While this tale is technically fiction, it is an unfortunate reality for many transgender individuals in Wisconsin. Worse yet, although it is abhorrent behavior, it is perfectly legal in our state. Wisconsin is one of the 25 states that does not provide statewide legal protection against gender identity discrimination in the workplace. There are a handful of cities and just one county (Dane) that provide protection on a local level, but for Sam and other transgender individuals who live elsewhere, the law is not on their side.
There are many unique legal issues the LGBT community faces. In the estate planning realm, for example, it is not as easy as merely substituting “husband/wife” for “wife/ wife.” The term “estate planning” includes wills, trusts, guardianships, health care and financial directives, and probate, to name a few. Let’s say that Sam gets into a terrible car accident and experiences a traumatic brain injury. He is declared temporarily incompetent to make his own health care decisions.
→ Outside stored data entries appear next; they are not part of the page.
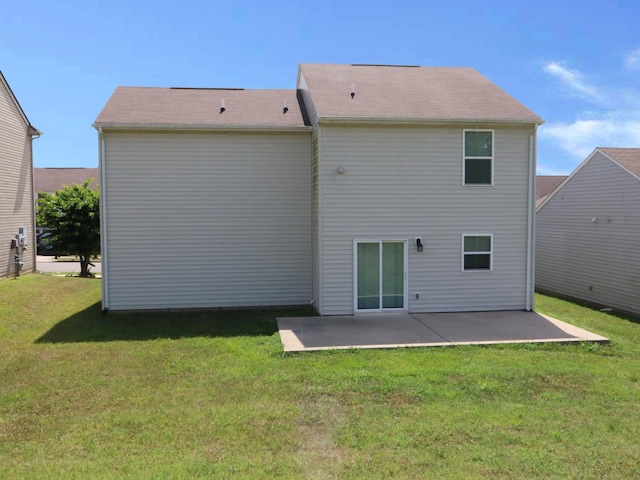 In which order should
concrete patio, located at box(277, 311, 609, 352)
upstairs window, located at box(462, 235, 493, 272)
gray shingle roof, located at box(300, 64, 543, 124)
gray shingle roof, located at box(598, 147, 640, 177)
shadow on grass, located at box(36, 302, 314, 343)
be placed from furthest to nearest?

Without specifically including instructions in Sam’s health care power of attorney regarding his continued use of testosterone, there is a legitimate concern that a Fond du Lac court would disallow this desired care. An LGBT estate planner intrinsically knows what to ask and how to write it in order to legally effectuate and maintain his hard-fought transition.
What does this mean for attorneys? As an estate planning attorney, I need to protect you and your family where the law does not. When a transgender client comes in, it is imperative we get a firm understanding of where the client is regarding his or her emotional, physical and legal transition. When an LGBT person sets up a will, there is a chance of the will being contested by prejudiced family members after death. Getting a good grasp on the situation before it occurs might cool off some of the hotheads and avoid disputes which are costly and stressful for the decedent’s beloved surviving partner. A private, “revocable trust” rather than a “simple will” better serves this purpose. An “LGBT” lawyer understands this. We are experienced in these legal processes and can navigate these waters, thus minimizing client stress and maximizing desired results.
The fight for LGBT equality is far from over in Wisconsin. I dream of the day when it becomes unnecessary for us to advocate for the LGBT community. Until that day comes, we need to continue to create safe spaces for LGBT clientele. Until that day arrives, I urge attorneys to bravely designate themselves as practitioners of “LBGT Law.”
Abigail Churchill is an attorney with Horn & Johnsen SC. A 2015 graduate of the University of Wisconsin Law School, she focuses her legal practice in the areas of probate, trust administration, and estate planning.